- **Work to complete**: All entries must come back exactly as given, with no pictures in the copy.
───── Provided records ─────
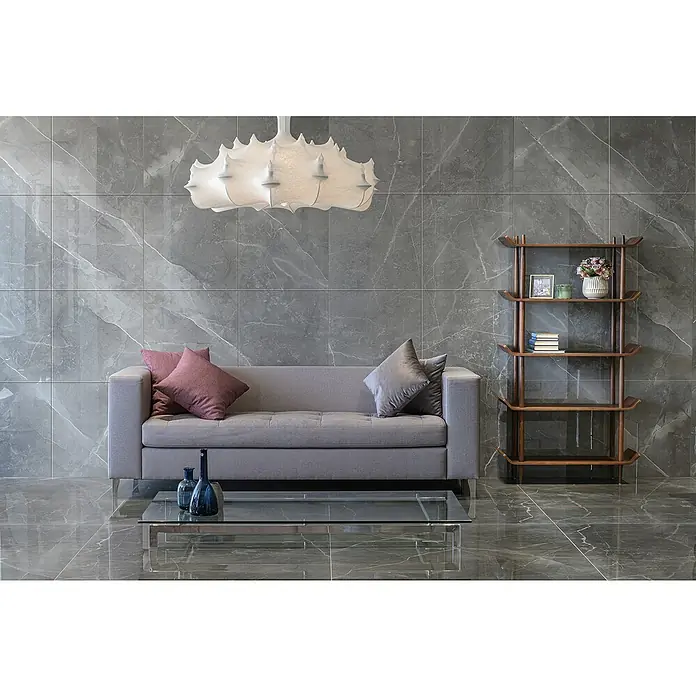 Feinsteinzeugfliese Amani Marble Light - 80 x 80 cm, Grau, Glänzend - Stimmungsaufnahme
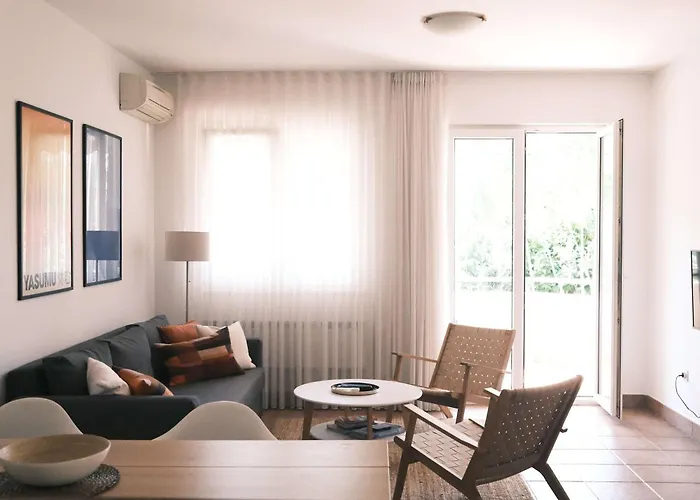 Kotoro Apartment, Sea View, 60M To Beach, Free Parking Dobrota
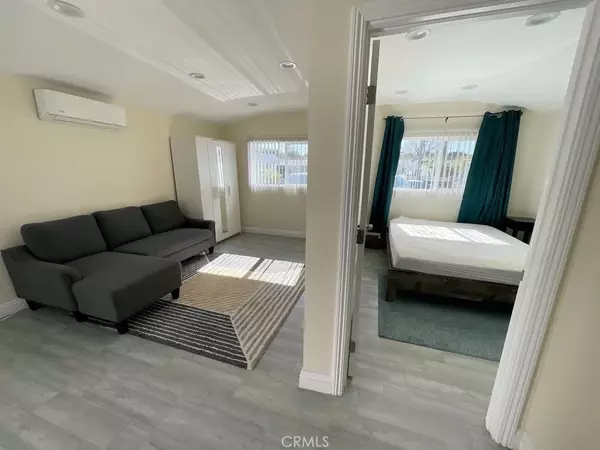 Woodland Hills, CA 91367,20833 Martha Street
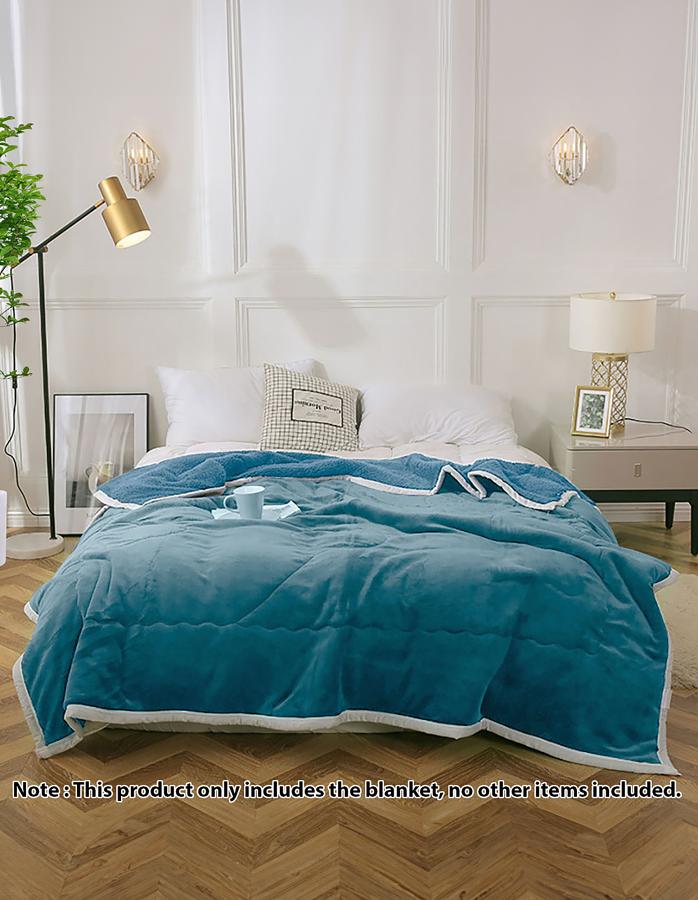 SOGA Lake Blue Throw Blanket – Cozy Fleece for Sofa & Bed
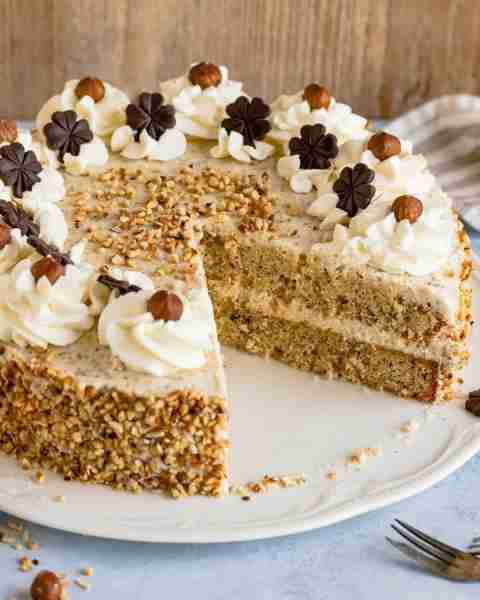 Nut cream cake – better than from the pastry shop 😏 🍰 The fine cream combined with the nutty spong...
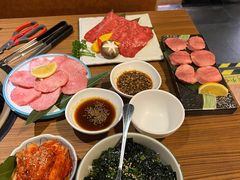 -炼火烤肉店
─────
- **Response below**:
 Feinsteinzeugfliese Amani Marble Light - 80 x 80 cm, Grau, Glänzend - Stimmungsaufnahme
 Kotoro Apartment, Sea View, 60M To Beach, Free Parking Dobrota
 Woodland Hills, CA 91367,20833 Martha Street
 SOGA Lake Blue Throw Blanket – Cozy Fleece for Sofa & Bed
 Nut cream cake – better than from the pastry shop 😏 🍰 The fine cream combined with the nutty spong...
 -炼火烤肉店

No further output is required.